# Captioned web images
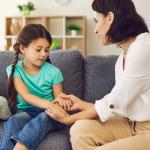 Parenting Tips: बच्चों को सिखाएं सेफ्टी रूल्स, बाहर हमेशा रहें सावधान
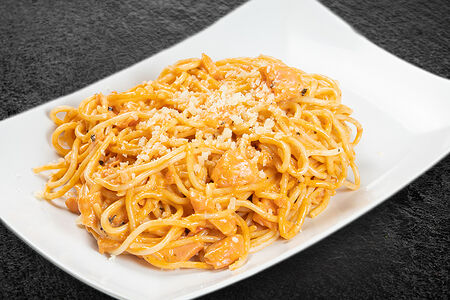 Паста с лососем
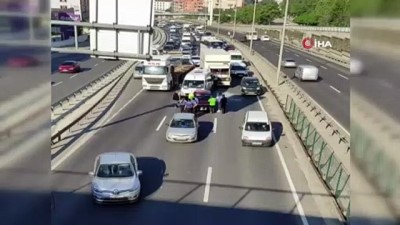 zincirleme kaza -  Kocaeli'de zincirleme kaza: 2 yaralı Videosu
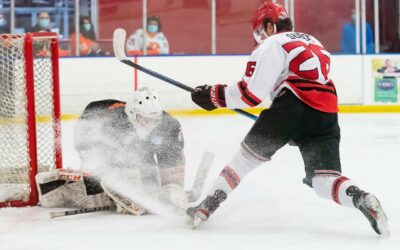 Powerplay propels Titans to 5 – 1 win over Danbury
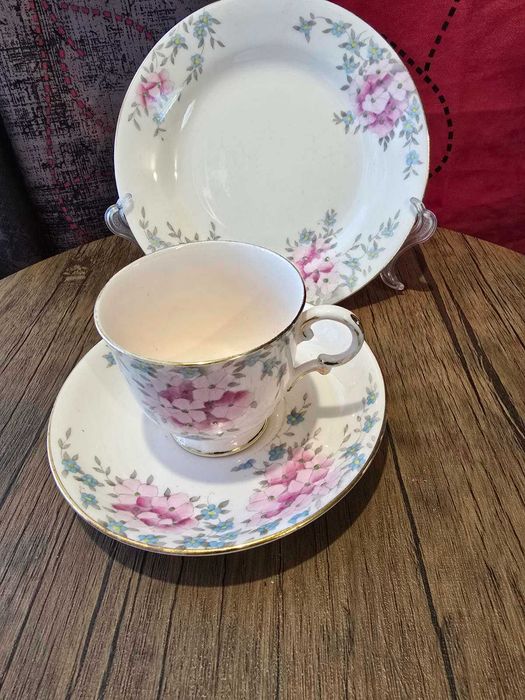 Троен сет розов порцелан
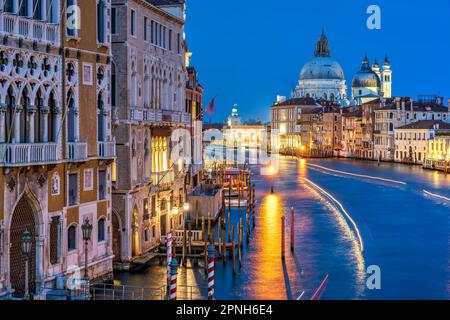 Grand Canal de nuit, Venise, Vénétie, Italie Banque D'Images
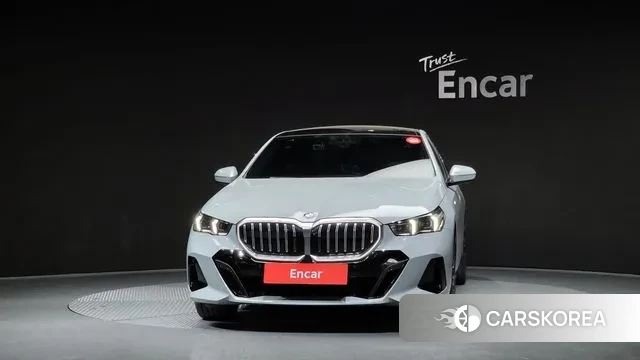 BMW 5 Series (G60) id 3565447 из Кореи 13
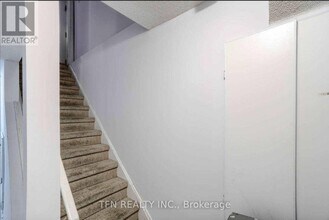 41 Calm Waters Crescent in Brampton, ON - Building Photo - Building Photo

# What to produce
The copy must include every record exactly and none of the pictures.

# Finished exercise
 Parenting Tips: बच्चों को सिखाएं सेफ्टी रूल्स, बाहर हमेशा रहें सावधान
 Паста с лососем
 zincirleme kaza -  Kocaeli'de zincirleme kaza: 2 yaralı Videosu
 Powerplay propels Titans to 5 – 1 win over Danbury
 Троен сет розов порцелан
 Grand Canal de nuit, Venise, Vénétie, Italie Banque D'Images
 BMW 5 Series (G60) id 3565447 из Кореи 13
 41 Calm Waters Crescent in Brampton, ON - Building Photo - Building Photo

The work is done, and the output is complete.